• **Work required**:
The full set of entries should be repeated without a single change.

• **Records from a data collection**:
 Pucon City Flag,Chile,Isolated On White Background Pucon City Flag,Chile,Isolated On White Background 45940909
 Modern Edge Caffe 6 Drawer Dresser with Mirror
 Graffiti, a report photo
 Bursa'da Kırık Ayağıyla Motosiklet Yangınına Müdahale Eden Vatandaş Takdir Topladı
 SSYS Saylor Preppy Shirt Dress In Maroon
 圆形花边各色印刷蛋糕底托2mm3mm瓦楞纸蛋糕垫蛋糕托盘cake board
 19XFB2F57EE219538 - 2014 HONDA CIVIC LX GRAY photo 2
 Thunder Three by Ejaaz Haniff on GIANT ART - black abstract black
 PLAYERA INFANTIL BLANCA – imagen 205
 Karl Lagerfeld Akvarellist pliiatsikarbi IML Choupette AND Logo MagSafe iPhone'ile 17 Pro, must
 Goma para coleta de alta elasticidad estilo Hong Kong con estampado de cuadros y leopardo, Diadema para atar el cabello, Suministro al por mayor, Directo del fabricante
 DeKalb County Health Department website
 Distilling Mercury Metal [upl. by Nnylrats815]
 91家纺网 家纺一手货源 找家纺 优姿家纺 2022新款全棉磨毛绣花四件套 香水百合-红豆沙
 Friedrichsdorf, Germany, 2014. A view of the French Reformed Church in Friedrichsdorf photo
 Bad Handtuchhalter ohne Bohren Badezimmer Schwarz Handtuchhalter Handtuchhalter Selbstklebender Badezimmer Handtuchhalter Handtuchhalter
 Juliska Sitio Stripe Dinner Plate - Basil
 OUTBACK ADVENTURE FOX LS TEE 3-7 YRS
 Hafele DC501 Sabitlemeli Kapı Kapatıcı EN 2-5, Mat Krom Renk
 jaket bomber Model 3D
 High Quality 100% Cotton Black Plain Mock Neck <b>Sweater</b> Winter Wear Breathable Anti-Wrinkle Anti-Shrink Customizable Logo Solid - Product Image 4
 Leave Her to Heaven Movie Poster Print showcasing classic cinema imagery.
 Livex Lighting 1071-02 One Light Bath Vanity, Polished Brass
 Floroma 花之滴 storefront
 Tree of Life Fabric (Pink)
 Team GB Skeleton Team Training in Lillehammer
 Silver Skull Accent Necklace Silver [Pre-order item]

• **Solution for this exercise**:
 Pucon City Flag,Chile,Isolated On White Background Pucon City Flag,Chile,Isolated On White Background 45940909
 Modern Edge Caffe 6 Drawer Dresser with Mirror
 Graffiti, a report photo
 Bursa'da Kırık Ayağıyla Motosiklet Yangınına Müdahale Eden Vatandaş Takdir Topladı
 SSYS Saylor Preppy Shirt Dress In Maroon
 圆形花边各色印刷蛋糕底托2mm3mm瓦楞纸蛋糕垫蛋糕托盘cake board
 19XFB2F57EE219538 - 2014 HONDA CIVIC LX GRAY photo 2
 Thunder Three by Ejaaz Haniff on GIANT ART - black abstract black
 PLAYERA INFANTIL BLANCA – imagen 205
 Karl Lagerfeld Akvarellist pliiatsikarbi IML Choupette AND Logo MagSafe iPhone'ile 17 Pro, must
 Goma para coleta de alta elasticidad estilo Hong Kong con estampado de cuadros y leopardo, Diadema para atar el cabello, Suministro al por mayor, Directo del fabricante
 DeKalb County Health Department website
 Distilling Mercury Metal [upl. by Nnylrats815]
 91家纺网 家纺一手货源 找家纺 优姿家纺 2022新款全棉磨毛绣花四件套 香水百合-红豆沙
 Friedrichsdorf, Germany, 2014. A view of the French Reformed Church in Friedrichsdorf photo
 Bad Handtuchhalter ohne Bohren Badezimmer Schwarz Handtuchhalter Handtuchhalter Selbstklebender Badezimmer Handtuchhalter Handtuchhalter
 Juliska Sitio Stripe Dinner Plate - Basil
 OUTBACK ADVENTURE FOX LS TEE 3-7 YRS
 Hafele DC501 Sabitlemeli Kapı Kapatıcı EN 2-5, Mat Krom Renk
 jaket bomber Model 3D
 High Quality 100% Cotton Black Plain Mock Neck <b>Sweater</b> Winter Wear Breathable Anti-Wrinkle Anti-Shrink Customizable Logo Solid - Product Image 4
 Leave Her to Heaven Movie Poster Print showcasing classic cinema imagery.
 Livex Lighting 1071-02 One Light Bath Vanity, Polished Brass
 Floroma 花之滴 storefront
 Tree of Life Fabric (Pink)
 Team GB Skeleton Team Training in Lillehammer
 Silver Skull Accent Necklace Silver [Pre-order item]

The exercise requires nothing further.